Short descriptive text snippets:
################

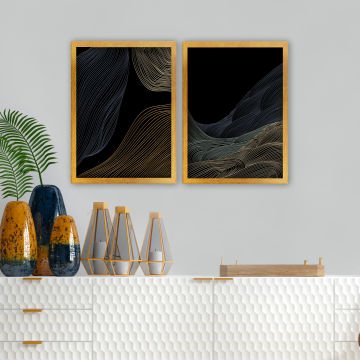 2 Parçalı Altın Çerçeveli Tablo 35cm x 45cm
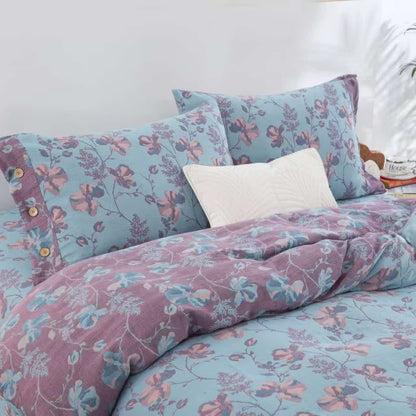 Ownkoti Blooming Flowers Cotton Gauze Bedding Set (4PCS)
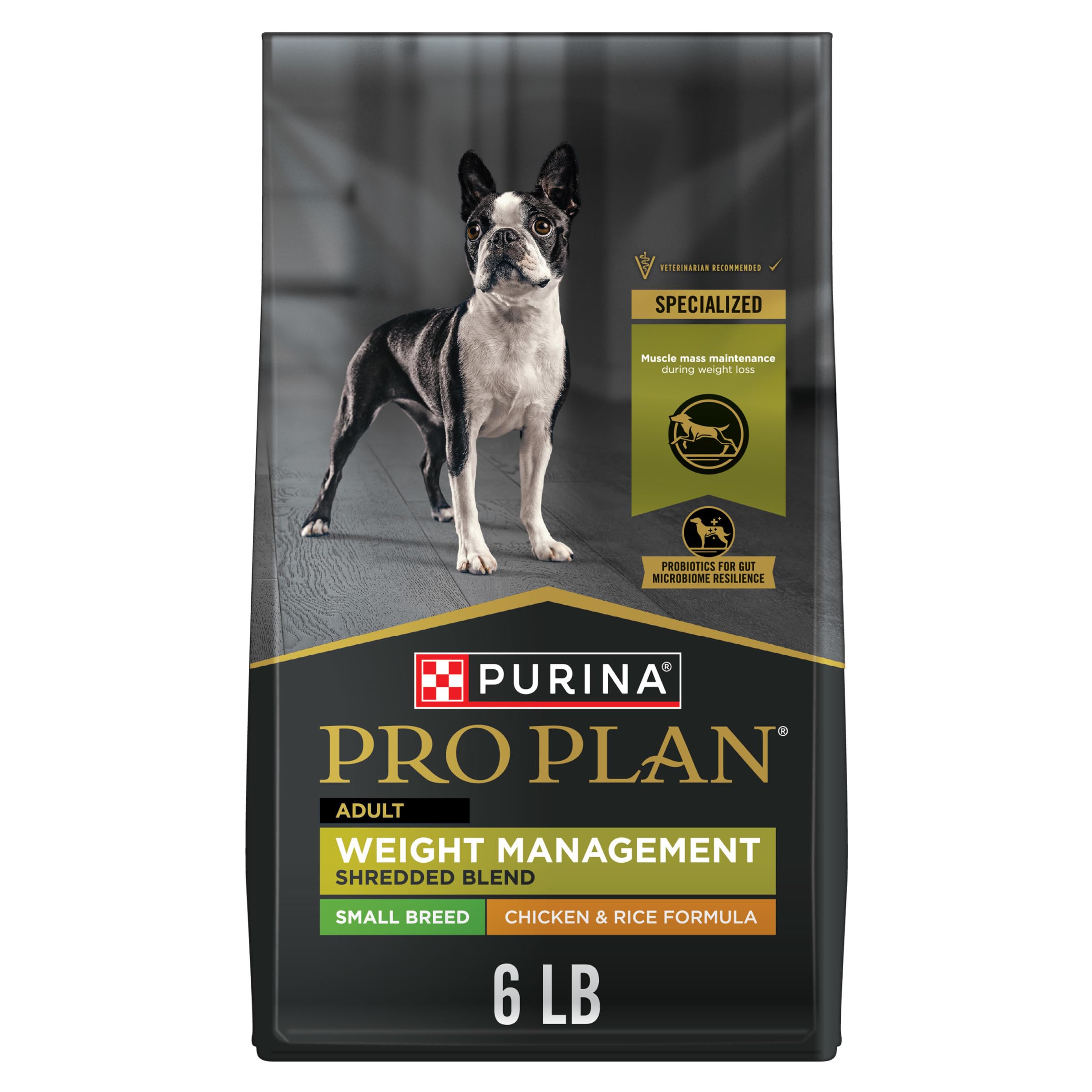 Purina Pro Plan front packaging showing weight-control benefits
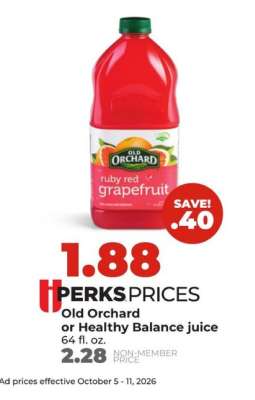 Old Orchard or Healthy Balance juice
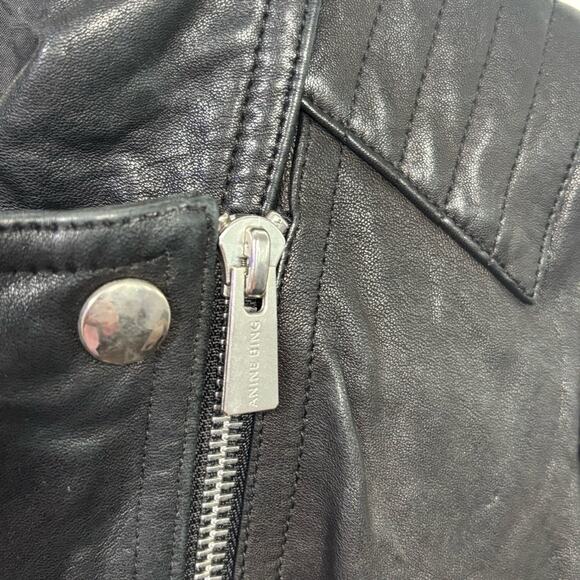 Anine Bing Grainy Leather Belted Biker Moto Jacket Small S - Picture 6 of 8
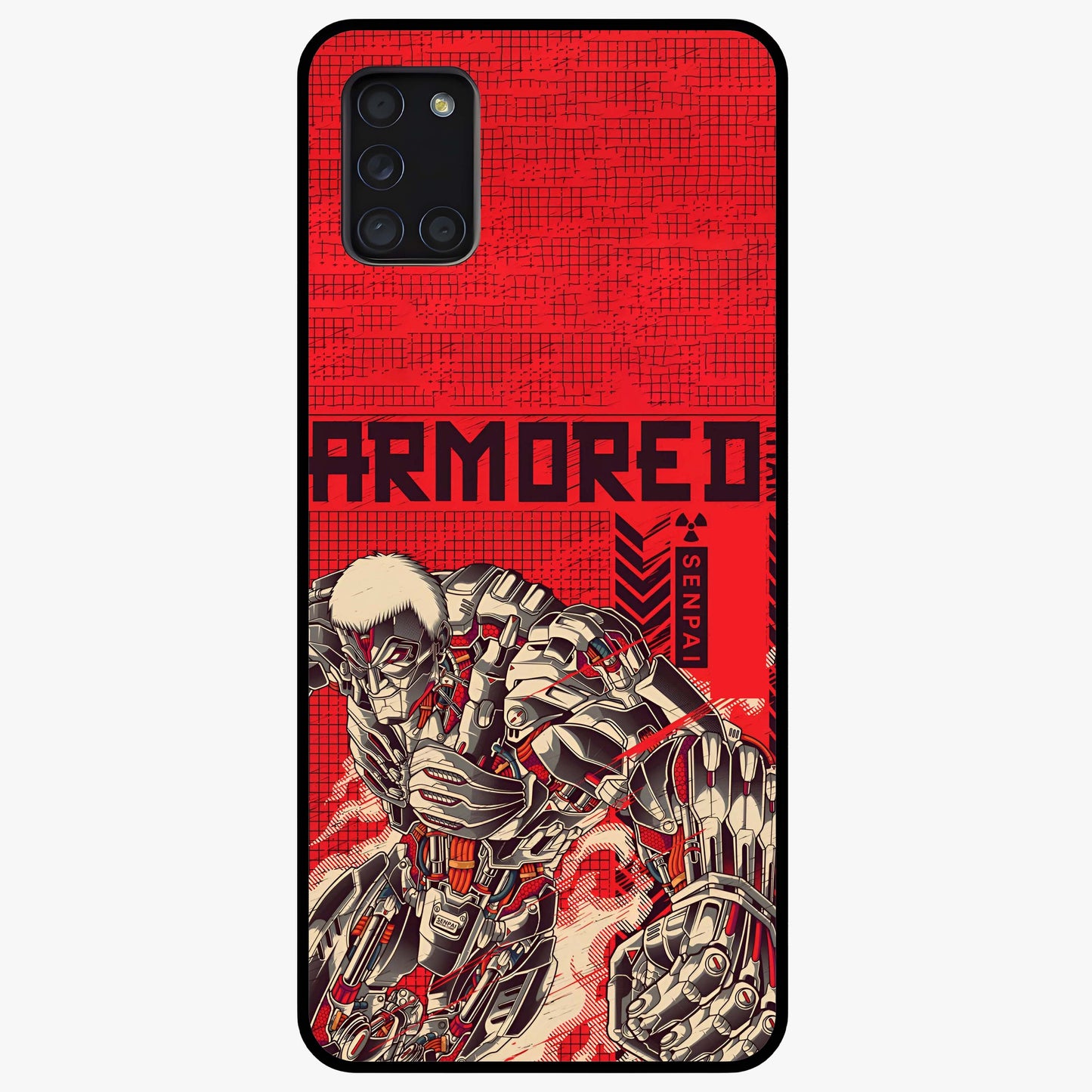 Crimson Mecha Titan Glass Case showing flat back view with powerful mech titan artwork and glossy glass finish.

################

Work request — What you return should match the records line for line, minus the pictures.

Your response —
 2 Parçalı Altın Çerçeveli Tablo 35cm x 45cm
 Ownkoti Blooming Flowers Cotton Gauze Bedding Set (4PCS)
 Purina Pro Plan front packaging showing weight-control benefits
 Old Orchard or Healthy Balance juice
 Anine Bing Grainy Leather Belted Biker Moto Jacket Small S - Picture 6 of 8
 Crimson Mecha Titan Glass Case showing flat back view with powerful mech titan artwork and glossy glass finish.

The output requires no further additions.